I did the Predator swap last year on my 1968 10M6D, if you decide to go that route, I can advise on the specifics. I posted a few pics of the chute crank, it will go without modification but the fit was snug so I lowered the crank.


----------



## Geno (Nov 29, 2011)

I'd try to get the carb issue fixed before making a swap. Might be only a 15minute good cleaning. I got the same 8hp in shed as my spare.. It took only a good cleaning effort on carb and it runs on one or two pulls now. I don't know if ya or na on replacing motor but give the old girl a good effort before swapping motor.
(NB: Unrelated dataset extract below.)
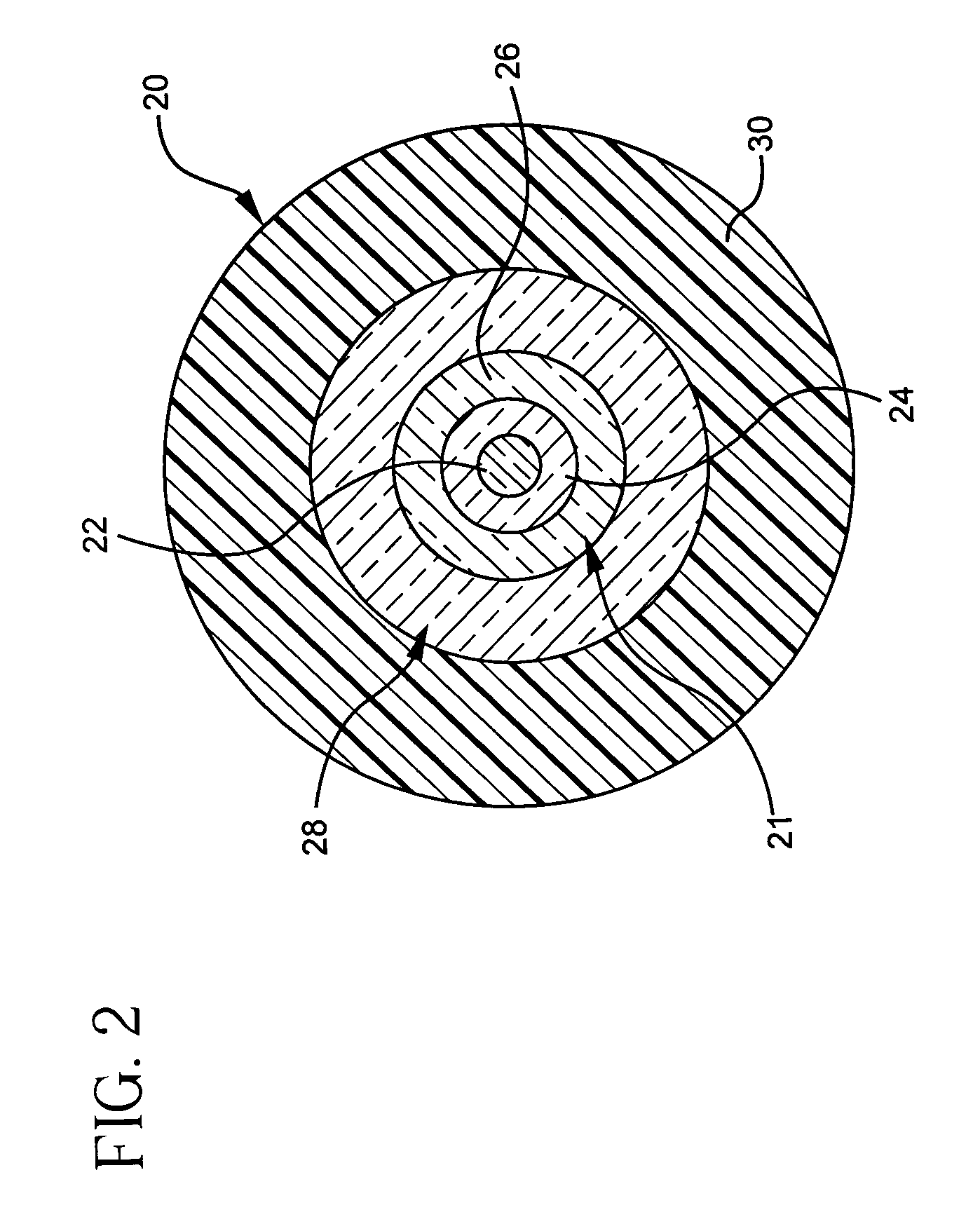 Dispersion compensating fiber for low slope transmission fiber and optical transmission line utilizing same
I agree with GWB on keeping original if can. The old Ariens are becoming or are their own spot in the history as the great survivors.


----------



## Jackmels (Feb 18, 2013)

If Originality is a Big Deal for You, Don't do an Engine Swap. Simple as that. I have a Large Stable of some 25-30 Ariens Machines, and My Personal Favorite is a 1965 w/Tall Chute, Impeller Seal, and 5.5hp OHV Tecumseh. It Throws Great, and Works Better than it When it Was Factory New.
I Personally Do NOT Care about Originality Unless it's a REALLY MINT Machine. Otherwise, it's just Another one of the Millions of Snowblowers Produced by Ariens.
The Original Engine in my 55 Chevy Convertible has Gone the Way of the Dodo, and now has a Modern Fuel Injected V8, which Could very well be Hecho in Mexico, I don't Know OR Care, But it will Run Circles around anything the Factory Produced that Year. Original or Modified, Your Choice, it's Your Machine. 
My Opinions are Based on Hands-On Experience.


----------